VideoGame 13 Sentinels
13 Sentinels is Plot Twist: The Game. It has a ridiculous amount of twists. But that's not a bad thing. What starts as a time travel thriller with robots turns into anything but, with each new twist unravelling the plot's true nature like an onion. Every chapter reveals a new layer, and while there are a few bits it feels like they skimmed over, the full picture not only makes sense, but is a full-blown epic.
The gameplay isn't nearly as epic, but it works. The biggest problem is it gets in the way of the story, which is the selling point. You can spend the first 15 hours after the Prologue doing nothing but following the story, but eventually, you have to get in the robot, Shinji.
It's okay. It does get intense in the later stages, and there's some satisfaction to slaughtering hordes of enemy robots at a time. But you'll be spending a lot more time with the story, which is more of a classic adventure game. Half the time, it feels like the RTS segments are there to pad the game out. They don't hurt the game, but next to everything else, they don't feel like they belong, and it'd be an even better game if they cut them out and had you play out the important bits like the rest of it.

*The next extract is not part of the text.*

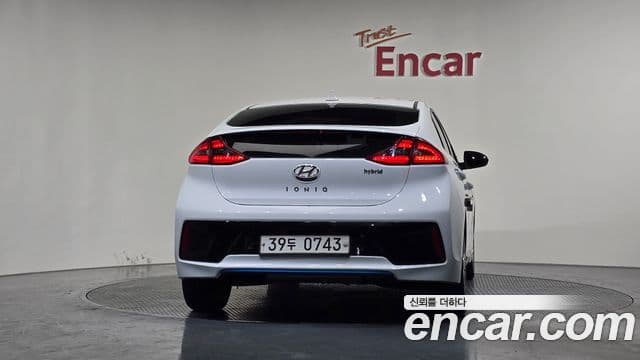 Hyundai Ioniq гибрид, 2019 4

But other than that? It's beautiful. In both senses of the word. The graphics are gorgeous, and the music is excellent, wrapping the package in an incredibly lavish bow. But at its' heart is its story. It's a labyrinth sci-fi epic, grounded by a believable and compelling ensemble cast despite the sheer scope, and elevated by everything else.

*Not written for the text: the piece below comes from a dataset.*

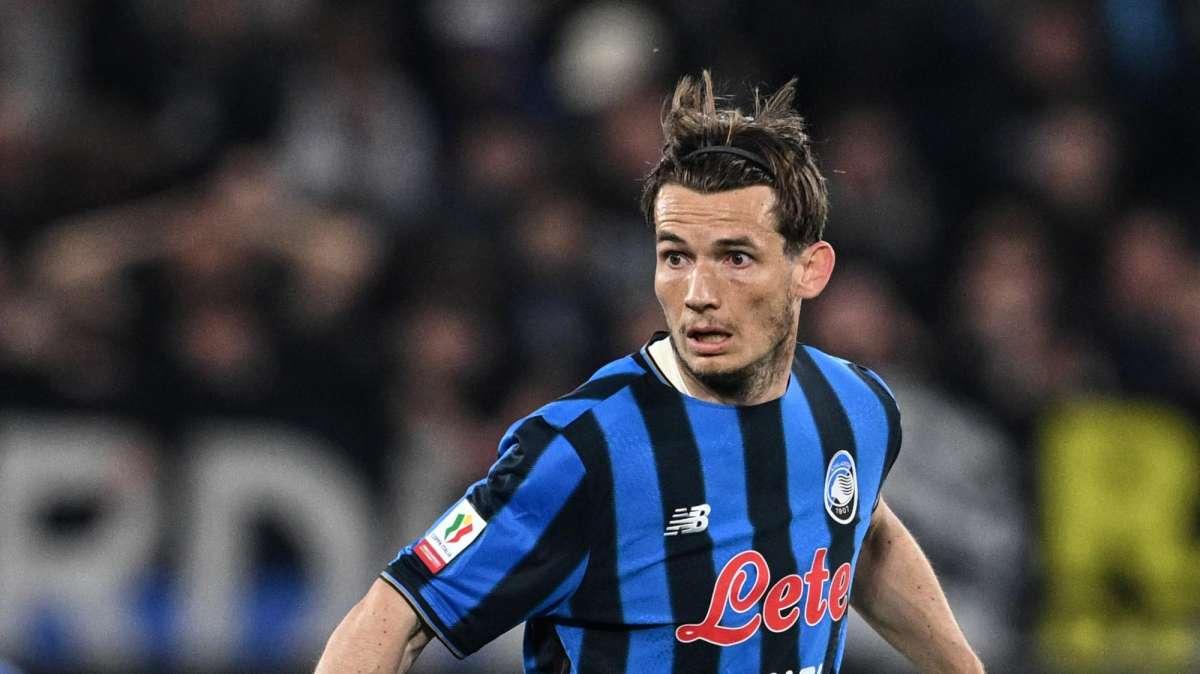 Dumfries verso il Real, de Roon applaude: "Se lo è meritato"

Even with the RTS, it might be my GOTY.
VideoGame A Tragedy of High Ambitions
Let's start with the most important question: is 13 Sentinels: Aegis Rim a good video game? I would say yes, mostly. The mech stuff and the adventure game stuff are both pretty fun, and their mechanics do feed into each other, with the mech stuff unlocking data files to better understand the story and the adventure game stuff offering points to upgrade the mechs. The aesthetics, while I was originally turned off by their significantly greater focus on realism over stylization, did win me over in the end, especially the capable and energetic performances from the English dub cast, and while I didn't love the ugly dots and grids of the mech mode, I did come to appreciate the well-animated portraits for various weapons systems. You can even see little hints for later story reveals in specific conditions during the mech battles, depending on the order in which you do them, like a badly-damaged Gouto mysteriously refusing to give in to a character believed to be dead.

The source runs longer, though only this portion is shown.